Coinstar Holiday Survey: Results Reveal the Majority of Holiday Gift Givers Set a Budget, Yet Hidden Expenses Put Many in the Red
The Coinstar® Holiday Survey, conducted among 2,000 U.S. adults, was released today and reports that the majority (65%) will set a budget this holiday season. One quarter of survey respondents say they will buy all or most of their gifts throughout the year when they are on sale. Other Coinstar Holiday survey results uncover budget strategies including creative gift giving and ways to recover post-holiday if budget limits are exceeded.
The survey asked consumers about factors that contribute to holiday spending beyond gift purchases. Besides gifts, the highest anticipated holiday expense reported is entertaining family and friends at 34%. This was followed by dining out, travel, decorating or improving one’s home, and buying special occasion clothing.
“The Coinstar Holiday Survey provides insights into how consumers shop, give gifts and budget for the holidays,” said Sandi Stoller, director of brand strategy and marketing at Coinstar. “We’re reminded that the holiday season can put a strain on family budgets, but encouraged that people are developing strategies to stay on track and even recover after the holidays.”
Shopping for holiday gifts throughout the year is more prevalent than expected.
Last minute shoppers get a bad rap, but surprisingly, only 14% fall into this category. According to the Coinstar Holiday Survey, most people purchase their gifts throughout the year either when they find the right gift (33%), or when they go on sale (27%), and 7% of respondents say they complete the bulk of their shopping before Thanksgiving. Twelve percent of shoppers take advantage of Black Friday or Cyber Monday to make purchases.
Cashing in spare change and reducing entertainment expenses are among the top strategies for staying on budget during the holidays.
Two in five consumers (39%) reported they plan to jump start their holiday budget by cashing in spare change, closely followed by 35% who will cut back entertainment such as movies or concerts to contribute to the holiday fund . Other ways survey respondents plan to make ends meet during the holidays include dining out less frequently (33%), purchasing gifts on layaway (26%), taking money out of savings (23%), and using credit cards (20%).
More than half of consumers think the emphasis on holiday gift giving has increased over the past several years.
With gift-giving expectations increasing, it stands to reason that 68% of people celebrating the holidays plan to give some gifts that are not purchased at retail (online or brick & mortar). These types of gifts are only limited by time and creativity. The most common non-retail gifts cited include confections or other food items made at home (31%) and hand-crafted non-food items (28%). Other popular presents include gifts previously received (regifting), services such as house cleaning, childcare or a day of pampering, and more altruistic, giving to charity in lieu of a gift.
Of those who will give gifts outside of retail purchases, millennials are more inclined than boomers to give hand-made gifts and to regift.

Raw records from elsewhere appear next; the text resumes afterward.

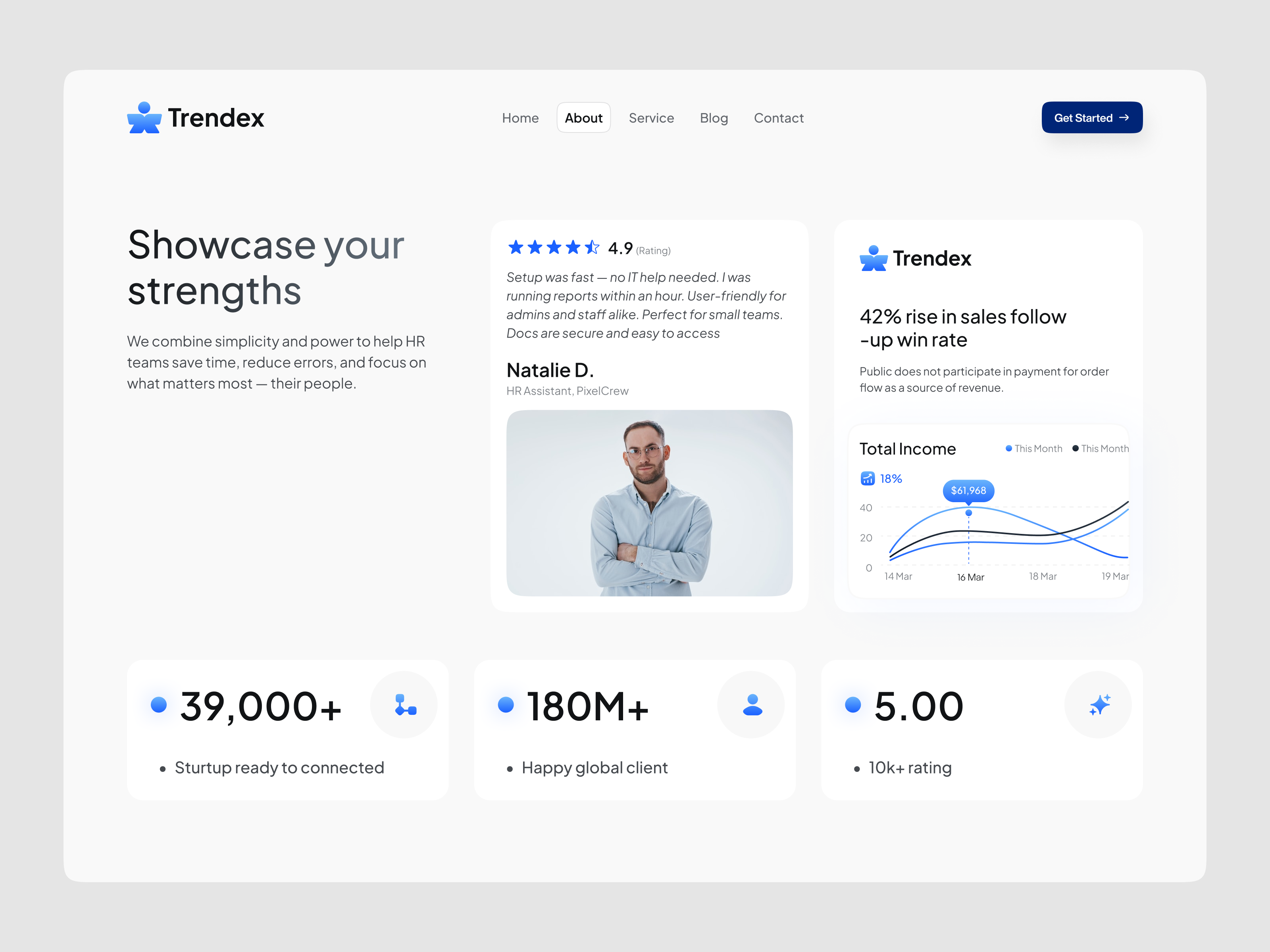 HR Management SAAS Website Design- About Us interface product saas service startup ui ux web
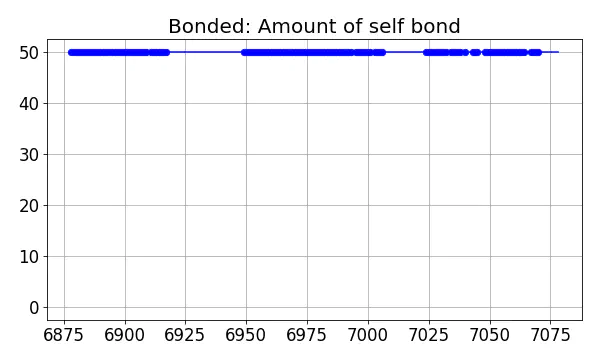 Bonded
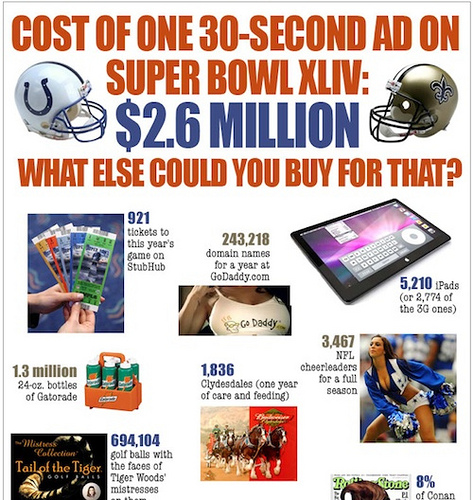 Super Bowl Infographic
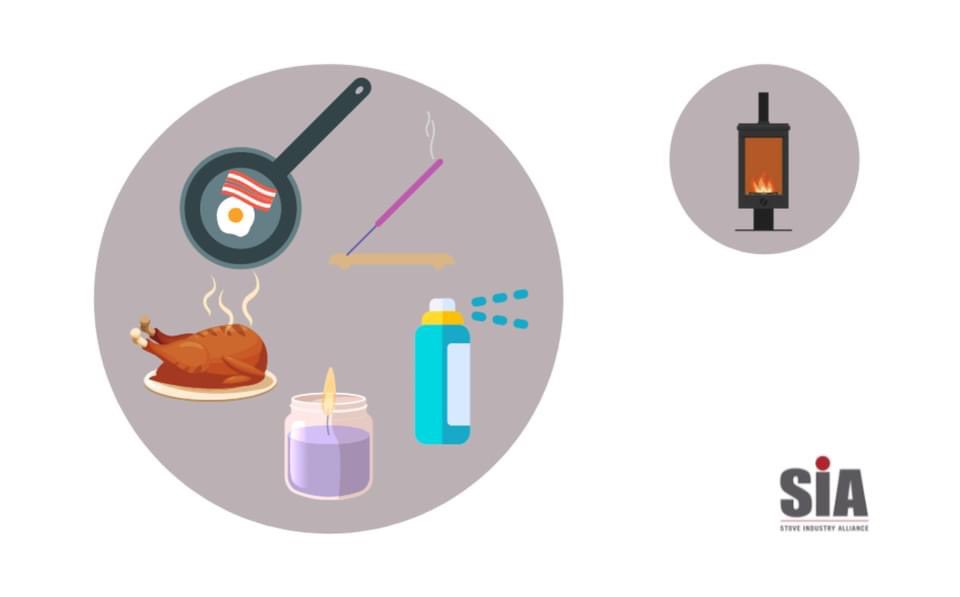FiresTayside's tweet photo. Did you know cooking a fried breakfast creates higher levels of particulate matter (PM) than using a modern wood-burning stove?! 🥓

Read the SIA's article and the literature review at https://t.co/yU7cZCIsKG https://t.co/ePu10pHUL4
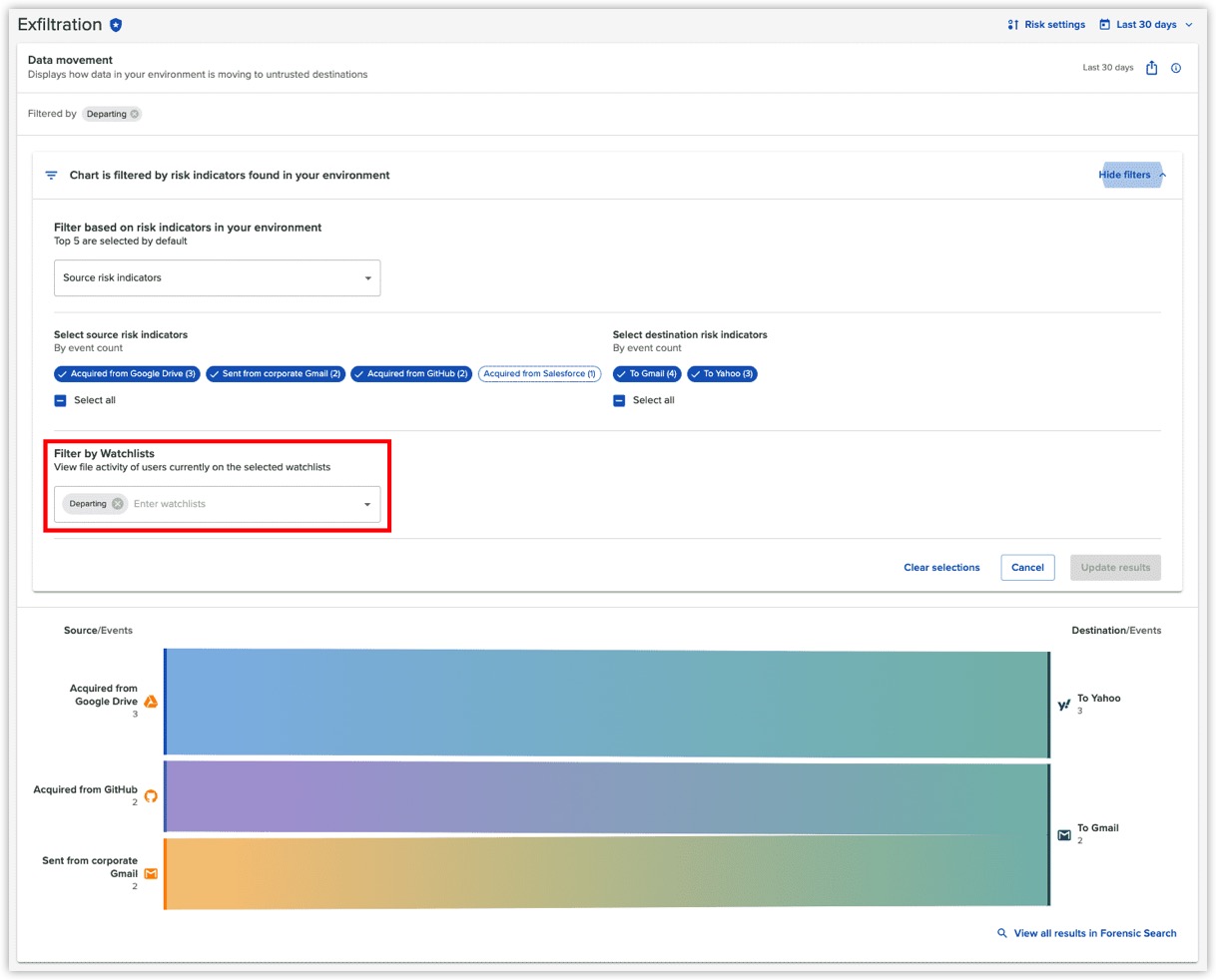 Exfiltration Dashboard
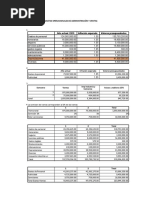 Ejercicio de Presuouesto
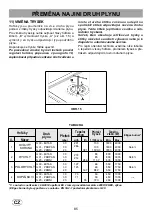 Предварительный просмотр 85 страницы Teka 112510006 User Manual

Thirty-five percent of millennials compared to 23% of boomers will give a hand-crafted item and 25% of millennials will regift compared to 14% of boomers.
Family members top the list when it comes to obligatory gifts and giving the metaphorical lump of coal at holiday time.
Seventy-four percent of people feel obligated to give gifts to certain people during the holidays. Extended family (nieces, nephews, aunts, uncles, cousins) are hit hardest with 29% of respondents saying they feel obligated to give gifts to these family members. About two in five respondents feel obligated to give gifts to their spouse or significant other and children.
Scrooge plays a role with 68% of respondents who report they would like to give the metaphorical lump of coal to someone on their holiday list. Nearly half who responded this way say family members are most likely to end up on the “naughty list.” Siblings top the list at 12%, followed by a spouse or child, in-law and lastly a parent. Bosses, co-workers and neighbors fared pretty well, all reported under 10%.
Seventy-seven percent of holiday consumers expect to go over their planned budget after the winter holidays.
The vast majority of holiday shoppers expect to go over their planned budget post-holiday and 37% will set a budget to recover. The top ways people plan to get back on track include cutting back on treating themselves with expensive dinners or shopping, reducing everyday expenses such as groceries or entertainment, and delaying funds going into a savings account. Few respondents (less than 10%) will turn to delaying bill payments such as utilities or credit card balances.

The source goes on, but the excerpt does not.